Error of fact caused the Full Bench of the FWC to relist an unfair dismissal matter

Published 11 September 2016

On appeal the Full Bench of the Fair Work Commission have overturned an unfair dismissal decision. At first instance Commission Booth held, amongst other reasons, that the dismissal was unfair due to the employer not genuinely keeping an open mind when putting the allegations of misconduct to the employee. The Full Bench found this was an error of fact and has re-listed the matter to re-determine the matter.

Mr Schmidt, an operator employee of BHP Coal Pty Ltd, was on duty at the Saraji mine when he was informed by other employees that the skid fuel tank which he moved using a dozer had a leakage. He did not secure the site after being notified of this and finding there was damage and leaking.

Mr Schmidt, who had 13 years of service with BHP, alleged that he tried to contact his supervisor to inform them of the damage and leakage. However, contact was not made about the incident. He tried to use the two way and his mobile to make contact but was unable to do so as he was at the bottom of a pit. When he came out of the pit he text the number he thought was his supervisor, notifying of the leakage, but this was an old number and so no notification was received. When Mr Schmidt did finally talk to his supervisor they talked about other work related issues and the leakage was not raised.

Prior to the leakage incident Mr Schmidt had been issued with a final warning relating to lateness and failure to notify of this. Mr Schmidt disputed the validity of this and a prior warning.
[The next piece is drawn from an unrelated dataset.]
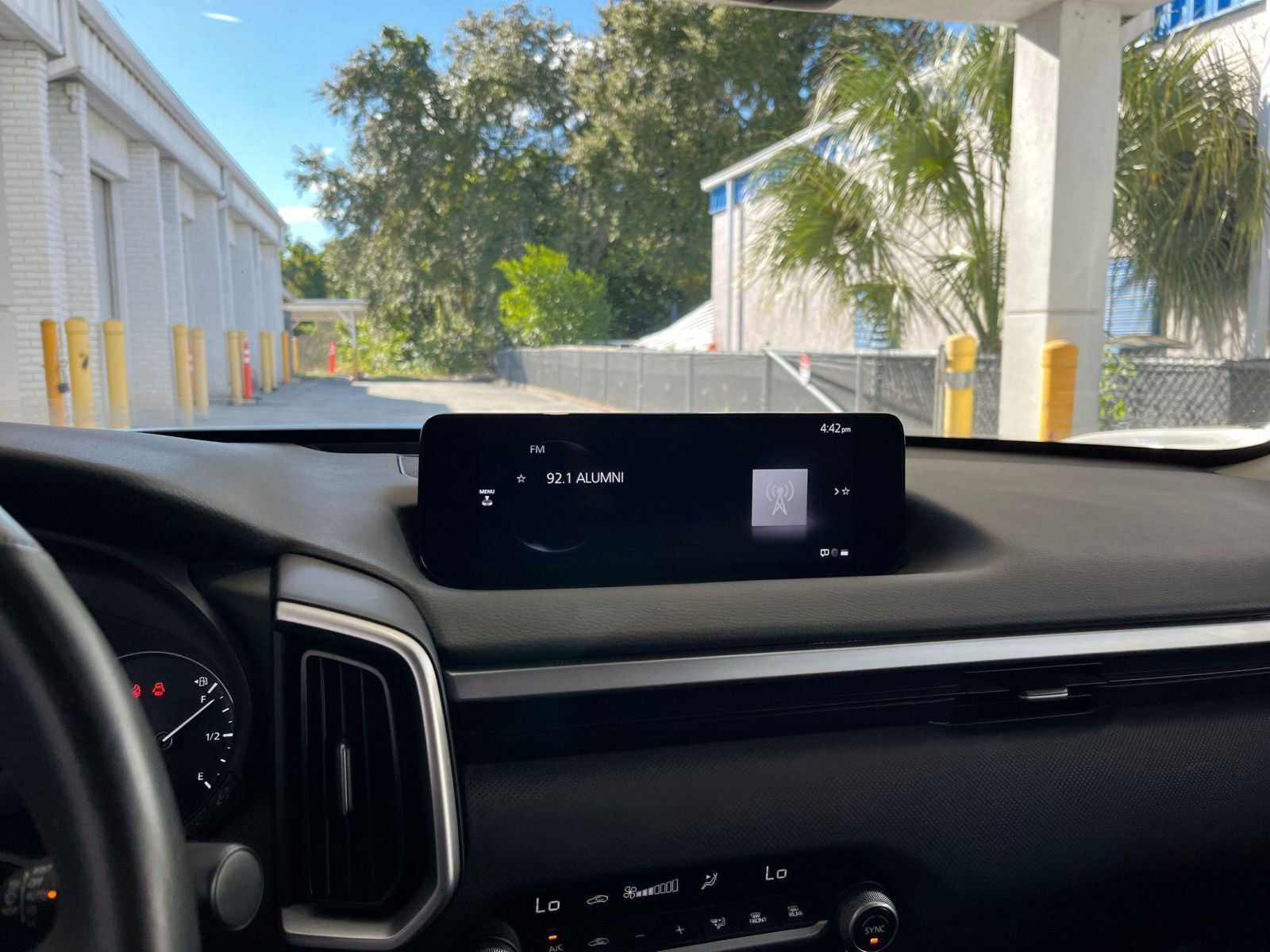 Thumbnail: 2025 Mazda CX-50 - 21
BHP launched an investigation into this incident and considered it a serious safety issue and breach of policy. Obligations to notify a supervisor, secure a site and undertake various safety checks whilst working were highlighted as being breached. Several meetings were held with Mr Schmidt, during which he was given the opportunity to respond to the allegations of misconduct.

BHP asked Mr Schmidt to show cause why his employment should not be terminated for this serious misconduct and he submitted a response to this. Mr Schmidt admitted that it was likely he caused the leakage. He further explained why he did not secure the site and that the text message was to confirm the issue with his supervisor. Mr Schmidt expressed his willingness to undertake re-training.
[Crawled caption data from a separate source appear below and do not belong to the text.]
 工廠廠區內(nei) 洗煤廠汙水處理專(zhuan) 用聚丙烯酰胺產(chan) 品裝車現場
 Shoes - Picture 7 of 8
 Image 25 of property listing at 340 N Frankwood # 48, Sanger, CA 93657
Commission Booth, who heard the matter at first instance, found that the termination of Mr Schmidt for the breaches had been predetermined. She further stated that there was no real opportunity for Mr Schmidt to change BHP’s mind about the matter as a result of this.  As a result of this, and other issues not looked at on appeal, it was held by Commissioner Booth that the termination of Mr Schmitd’s employment was harsh and unjust.
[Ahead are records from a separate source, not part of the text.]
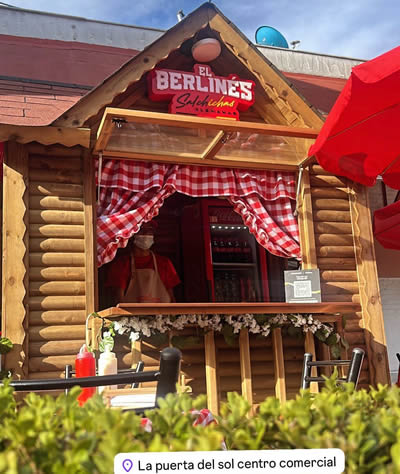 El Berlinés Salchichas Alemanas, chalet alemán en el barrio Cedritos, norte de Bogotá.  Venta de salchicha alemana, venta de cerveza alemana Erdinger, venta de Pretzel o Bretzels.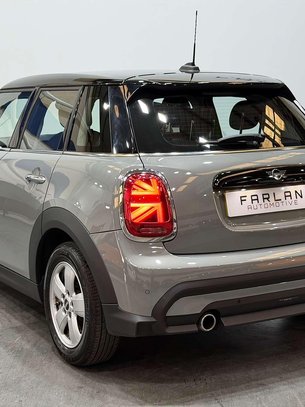 Mini Hatch 1.5 Cooper Classic Hatchback 5dr Petrol Steptronic Euro 6 (s/s) (136 ps) 2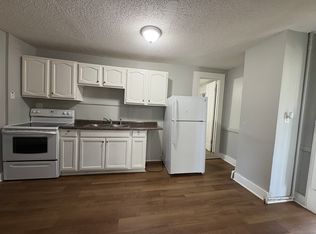 50 Hopkins St APT 1W, Waterbury, CT 06704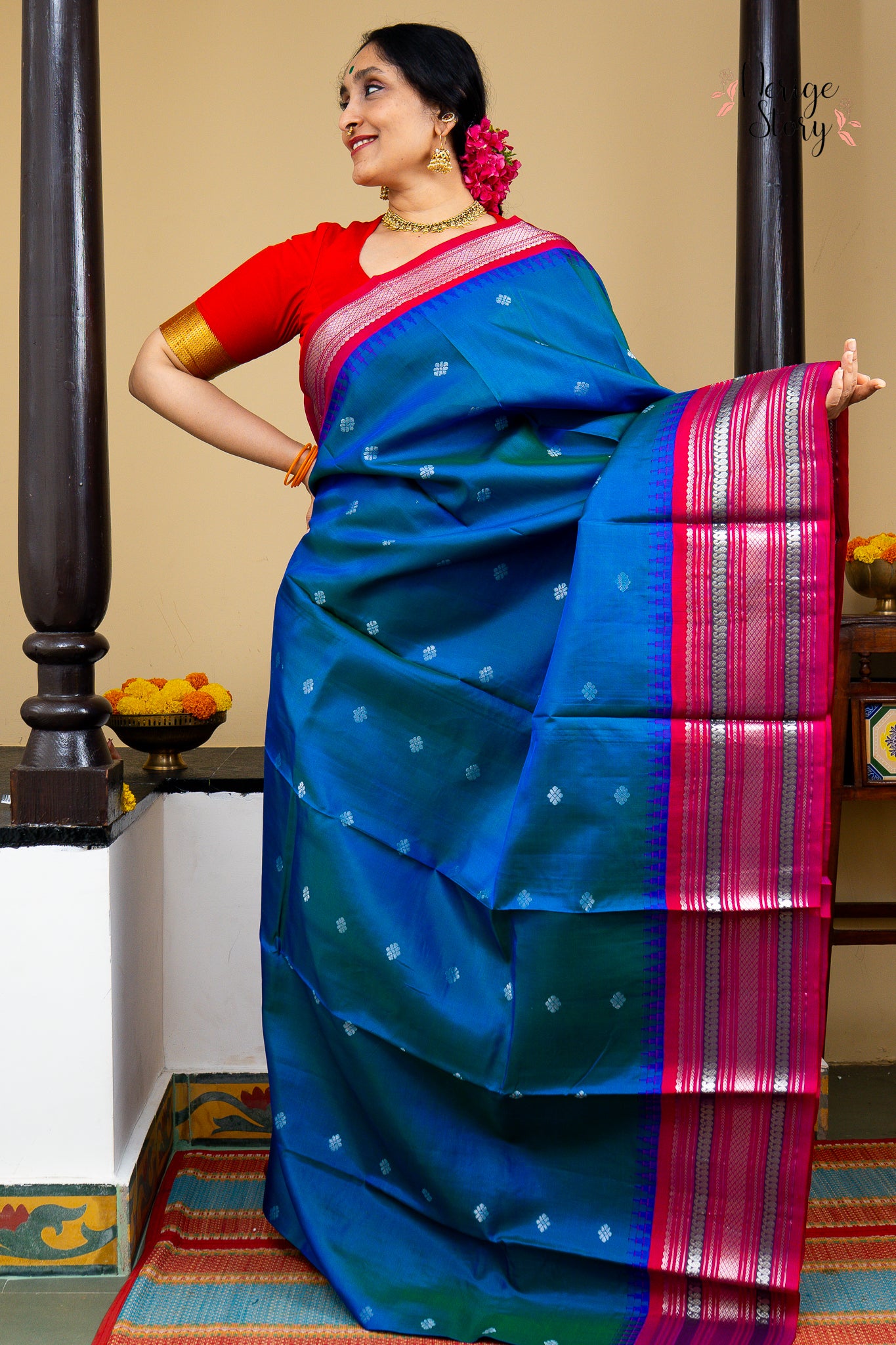 INAAYA (ఇనాయా)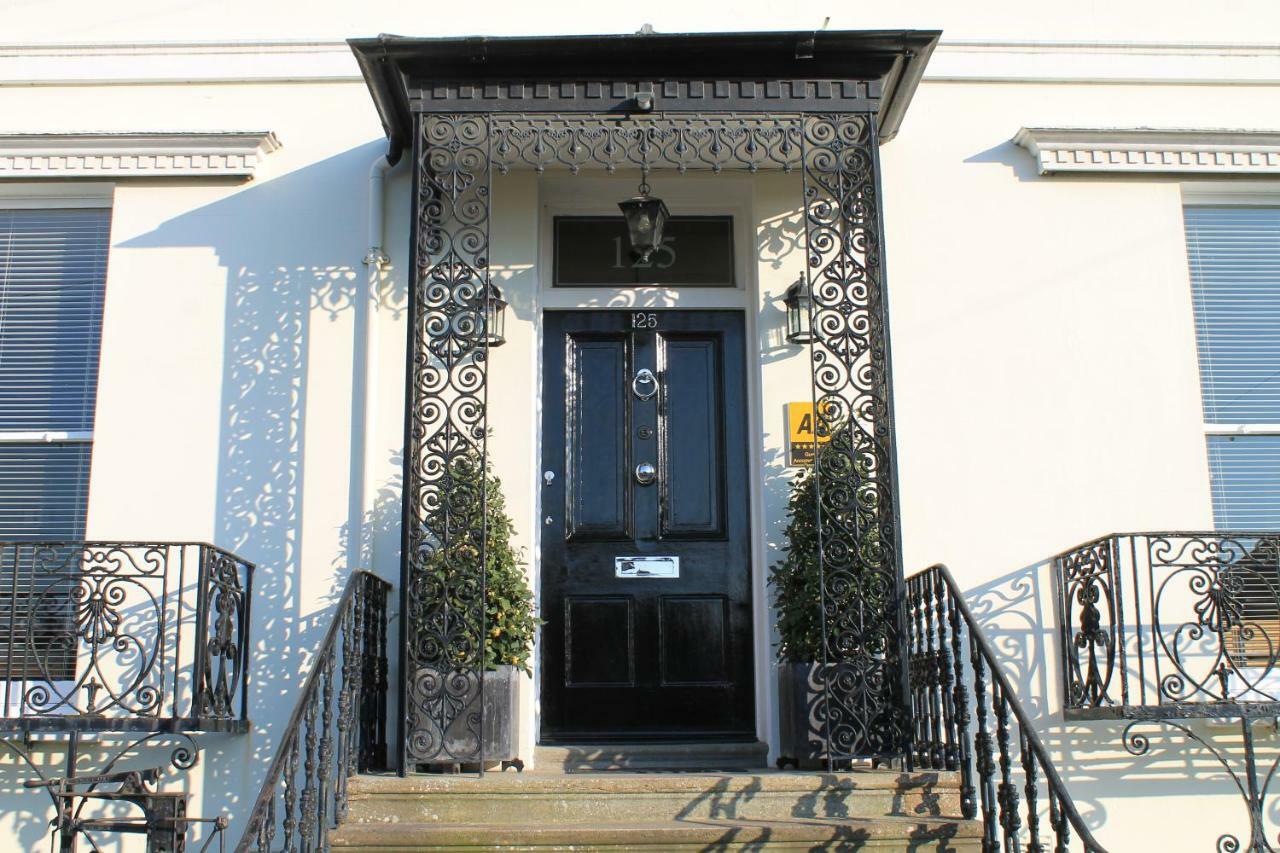 The Battledown Hotel Cheltenham Exterior photo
The Full Bench on appeal found that this finding was a significant error of fact. They highlighted that Mr Fox, who provided evidence for BHP on the investigation process, had never had it put to him in cross-examination that the determination of the outcome was predetermined. Instead, the Full Bench noted that Mr Fox provided evidence of the process that was gone through to ensure procedural fairness, including considering Mr Schmidt’ response.

The Full Bench stated:

‘The Employer of course needs to retain an open mind and have regard to responses made by the employee. But applied in a common sense way, if serious misconduct is evidence form the investigation, an employer cannot be expected to have no leanings or inclinations as to the likely sanction against the employee.’

Although there were other factors which led Commission Booth, at first instance, to find that the termination was harsh and unjust, which were raised in BHP’s appeal, the Full Bench did not traverse these matters. Instead, the Full Bench decided to relist the matter for further submissions and a further determination of the matter.